The full listing, copied exactly and free of pictures, is the expected reply.

─── Data section

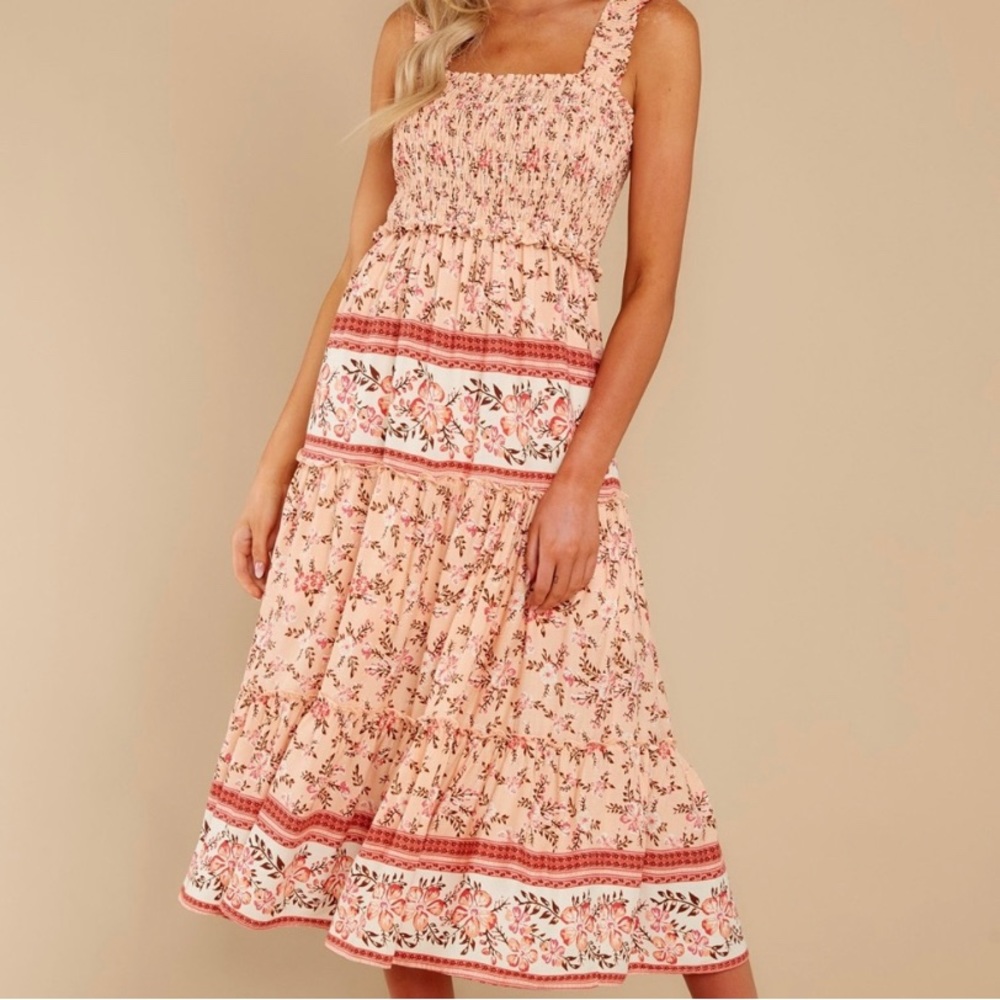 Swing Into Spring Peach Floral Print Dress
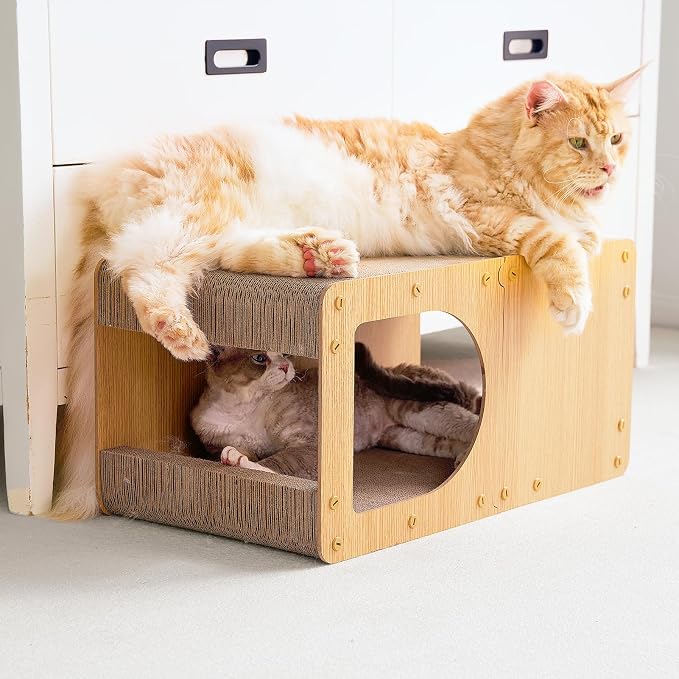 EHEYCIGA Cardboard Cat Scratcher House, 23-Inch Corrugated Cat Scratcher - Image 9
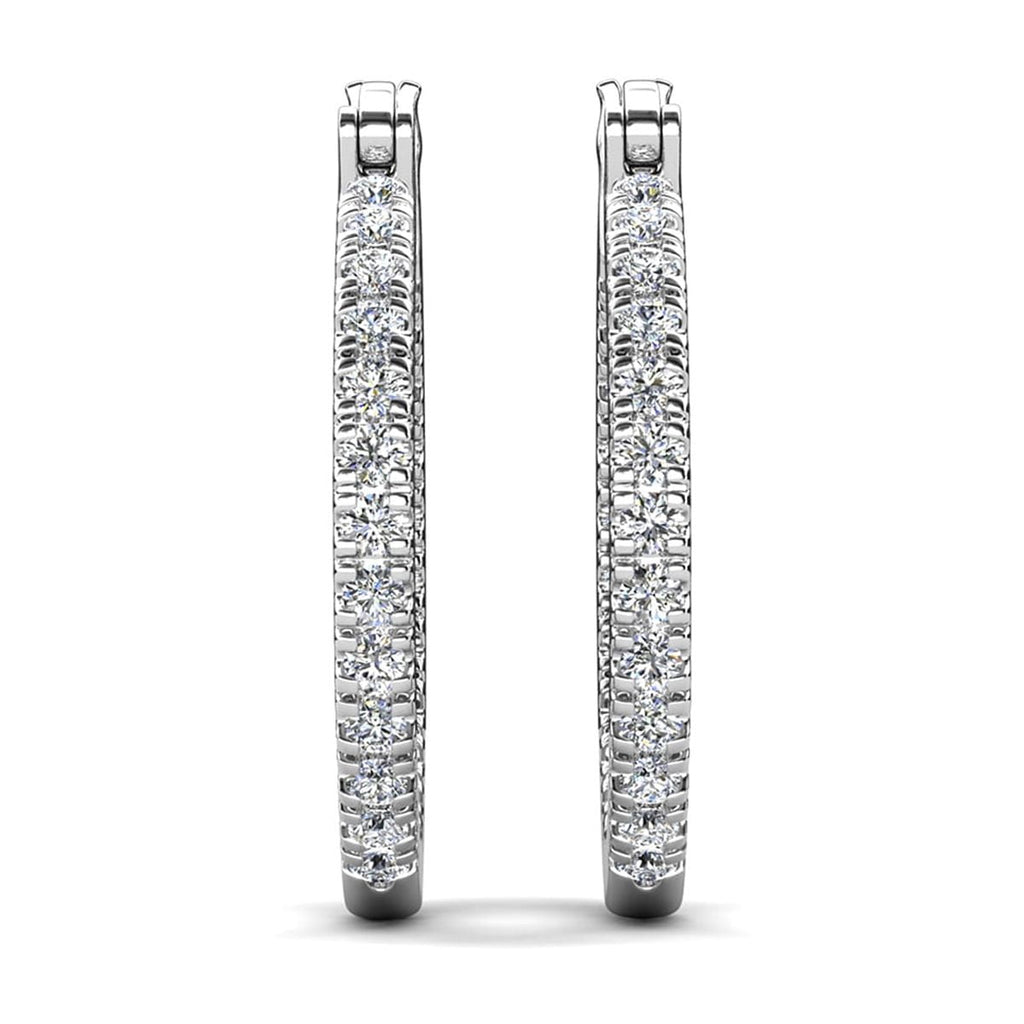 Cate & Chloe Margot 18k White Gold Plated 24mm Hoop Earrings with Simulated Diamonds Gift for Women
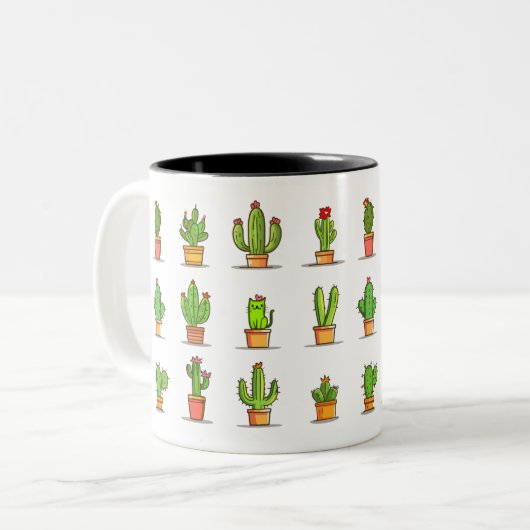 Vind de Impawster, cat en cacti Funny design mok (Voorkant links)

──────

Response for this exercise:
 Swing Into Spring Peach Floral Print Dress
 EHEYCIGA Cardboard Cat Scratcher House, 23-Inch Corrugated Cat Scratcher - Image 9
 Cate & Chloe Margot 18k White Gold Plated 24mm Hoop Earrings with Simulated Diamonds Gift for Women
 Vind de Impawster, cat en cacti Funny design mok (Voorkant links)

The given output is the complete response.